富山と東京という離れた点と点、そして介護とメディアという、これも分野の離れた点と点。
デュアルライフを始めた当初は、はるか遠く離れた点と点に感じていましたが、徐々に近づいてきたように感じています。

たとえば地方の介護の現場を知っていながら、制度を決定する中央ともつながれるので、法改正について現場に則った意見ができたり、最近では東京で介護に関する講演をしたり、メディアで情報発信をすることも増えています。
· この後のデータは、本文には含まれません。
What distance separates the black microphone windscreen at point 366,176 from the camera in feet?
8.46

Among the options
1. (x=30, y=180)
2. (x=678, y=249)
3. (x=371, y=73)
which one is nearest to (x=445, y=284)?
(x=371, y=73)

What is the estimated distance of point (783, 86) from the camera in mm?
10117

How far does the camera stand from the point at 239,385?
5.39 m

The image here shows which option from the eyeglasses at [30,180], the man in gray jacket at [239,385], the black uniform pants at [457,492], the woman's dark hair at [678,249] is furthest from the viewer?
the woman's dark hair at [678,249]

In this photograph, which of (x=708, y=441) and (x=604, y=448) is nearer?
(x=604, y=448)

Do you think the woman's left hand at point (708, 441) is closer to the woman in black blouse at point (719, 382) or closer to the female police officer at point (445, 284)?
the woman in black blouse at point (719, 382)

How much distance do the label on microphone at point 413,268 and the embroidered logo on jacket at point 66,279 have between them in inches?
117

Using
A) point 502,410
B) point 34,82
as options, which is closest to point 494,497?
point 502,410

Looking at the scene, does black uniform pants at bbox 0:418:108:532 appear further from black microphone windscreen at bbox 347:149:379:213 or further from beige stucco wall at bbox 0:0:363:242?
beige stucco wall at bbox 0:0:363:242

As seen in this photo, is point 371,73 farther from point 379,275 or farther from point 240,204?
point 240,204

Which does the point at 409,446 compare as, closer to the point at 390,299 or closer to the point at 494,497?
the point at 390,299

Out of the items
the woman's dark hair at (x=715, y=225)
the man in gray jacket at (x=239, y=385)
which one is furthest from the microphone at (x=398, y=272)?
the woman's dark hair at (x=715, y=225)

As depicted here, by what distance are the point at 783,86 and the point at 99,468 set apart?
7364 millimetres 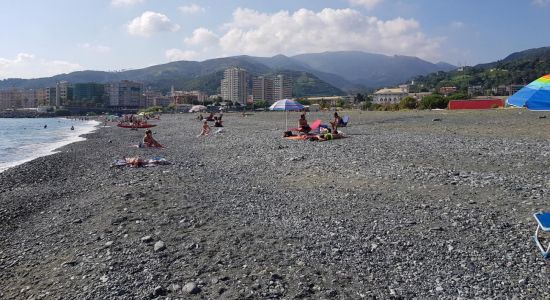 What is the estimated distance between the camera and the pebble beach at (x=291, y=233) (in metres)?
5.04

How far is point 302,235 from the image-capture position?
6695mm

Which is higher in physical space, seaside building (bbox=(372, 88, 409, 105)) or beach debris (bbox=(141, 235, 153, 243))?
seaside building (bbox=(372, 88, 409, 105))

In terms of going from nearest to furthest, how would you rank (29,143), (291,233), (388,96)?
(291,233) → (29,143) → (388,96)

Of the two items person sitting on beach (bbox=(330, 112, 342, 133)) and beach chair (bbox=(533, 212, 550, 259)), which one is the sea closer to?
person sitting on beach (bbox=(330, 112, 342, 133))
そうやって、離れた点と点を結んでいく作業を実践していきたいと思っています。

Q.藤井さんの、これからは?

デュアルライフは、今私に求められていることや期待されていることが、東京と富山にそれぞれあるからやっていることで、これから続けていくかはわからないです。
富山では、より深く地元に向き合っていければよいかなと思っています。

ちょうど来年度、自治体の総合計画を考える会の審議委員に委嘱されたので、自治体の政策と地域課題とのマッチングを中心に、アイデアを出していきたいです。
安心・安全なまちにしていかなければと思っている地域の人たちがたくさんいるので、その方たちの自主的な力を引き出して、住民のエンパワーメントによる町づくりに関わっていきたいですね。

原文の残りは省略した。